EXERCISE MATERIALS:
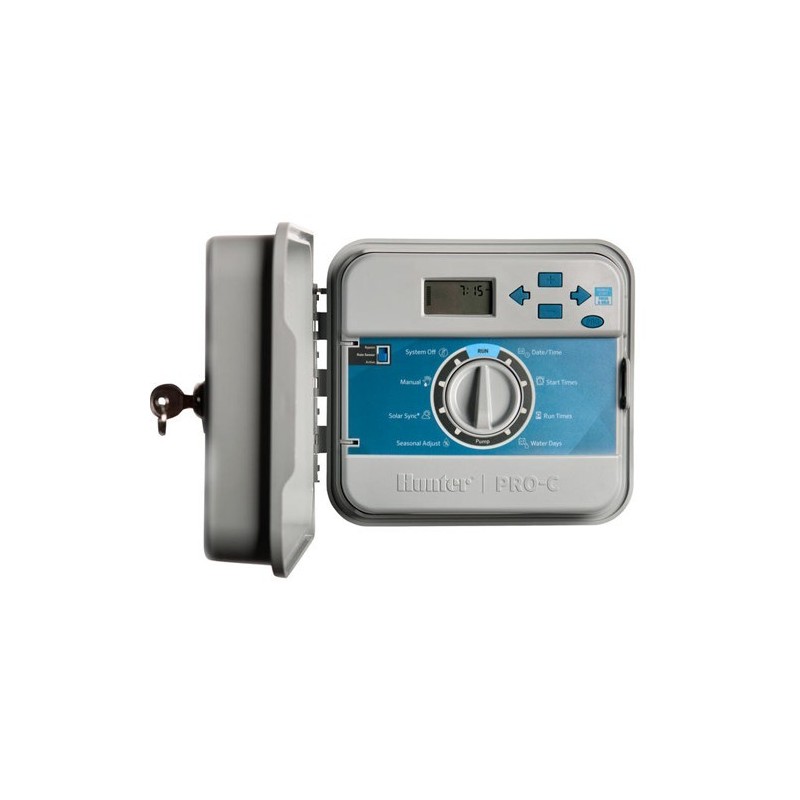 Programador de riego PRO-C exterior 4 estaciones modular Hunter Programador de riego PRO-C exterior 4 estaciones modular Hunter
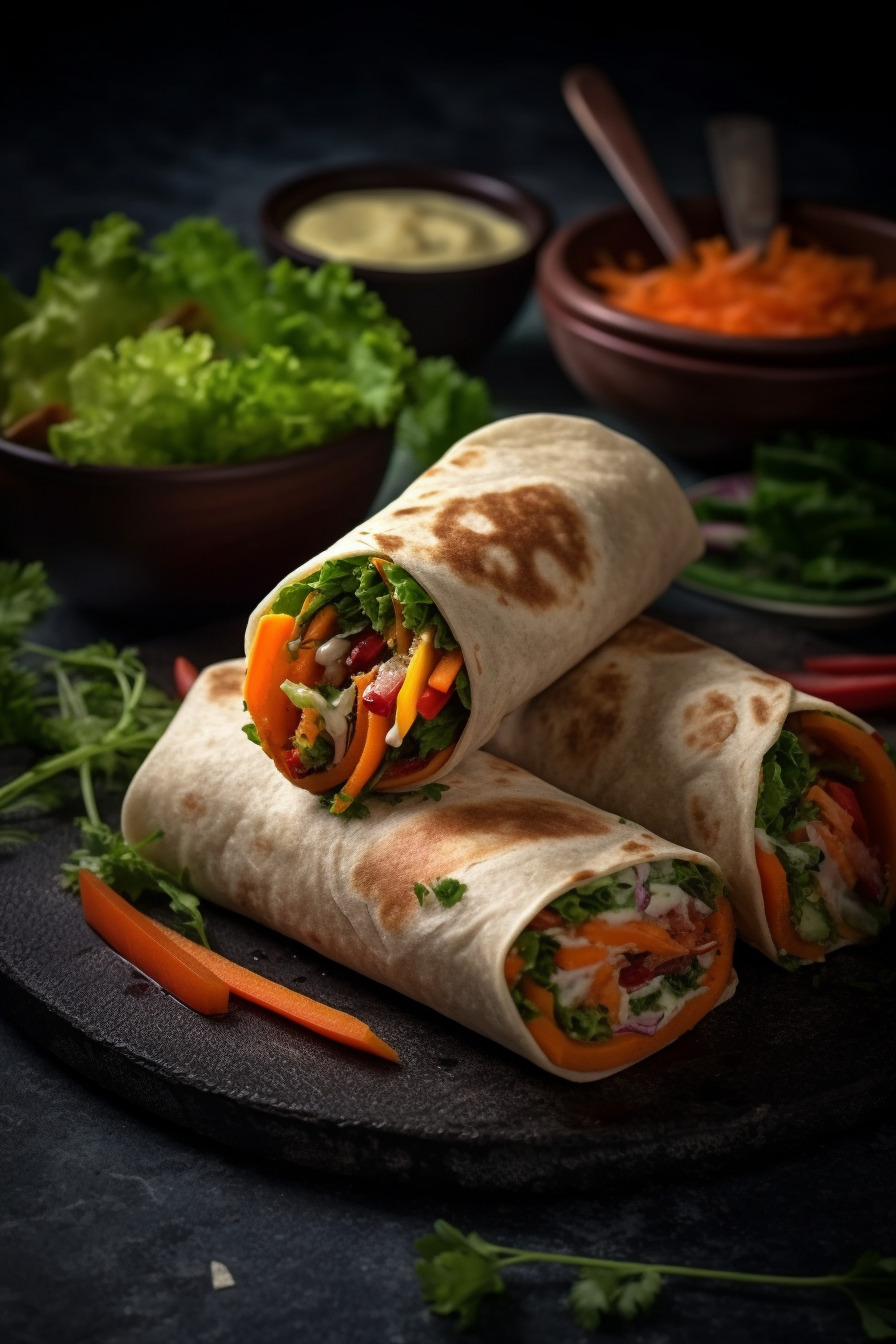 Vegetarische Wrap-Röllchen mit Karotten, Paprika und Salat.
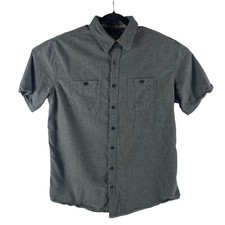 Grizzly Mountain Men  s Granite Casual Shirt Short Sleeve Button Up, Gray, XXL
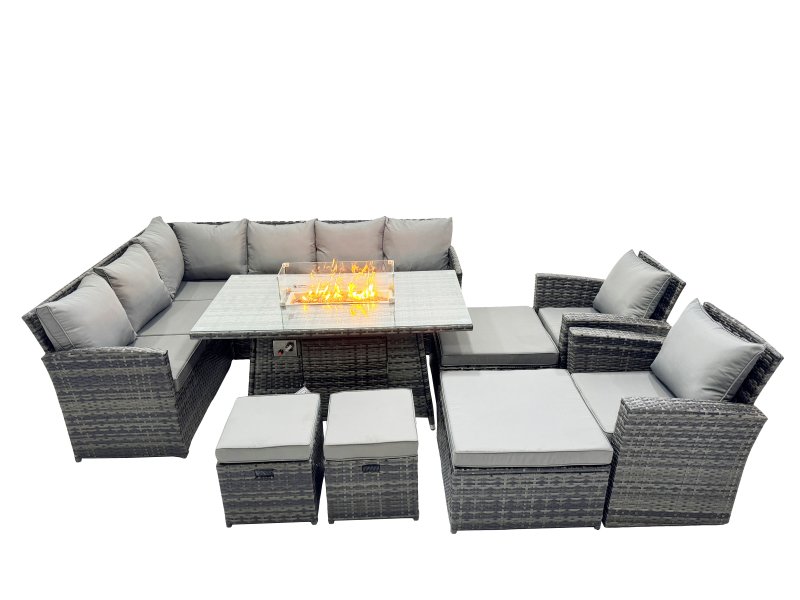 Fimous 12 Seat Poly Rattan Outdoor Patio Gas Firpit Dining Table Corner Sofa Set with 4 Stool 2 Chairs for Garden Backyard Dark Grey Mixed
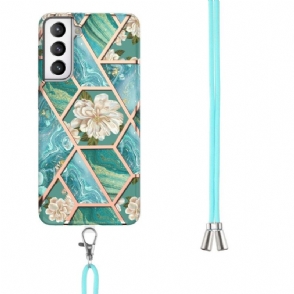 Hoesje voor Samsung Galaxy S21 FE Met Koord Marmer En Witte Bloemen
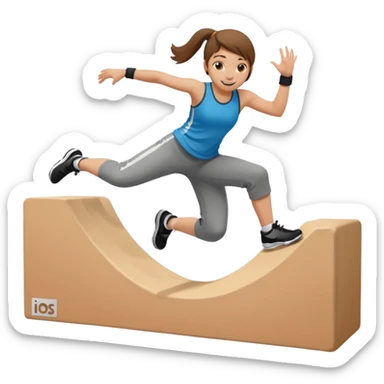 a girl doing parkour at young kids school sticker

WHAT TO WORK ON: What comes back should match the records exactly, minus any pictures.

OUTPUT OF THE EXERCISE:
 Programador de riego PRO-C exterior 4 estaciones modular Hunter Programador de riego PRO-C exterior 4 estaciones modular Hunter
 Vegetarische Wrap-Röllchen mit Karotten, Paprika und Salat.
 Grizzly Mountain Men  s Granite Casual Shirt Short Sleeve Button Up, Gray, XXL
 Fimous 12 Seat Poly Rattan Outdoor Patio Gas Firpit Dining Table Corner Sofa Set with 4 Stool 2 Chairs for Garden Backyard Dark Grey Mixed
 Hoesje voor Samsung Galaxy S21 FE Met Koord Marmer En Witte Bloemen
 a girl doing parkour at young kids school sticker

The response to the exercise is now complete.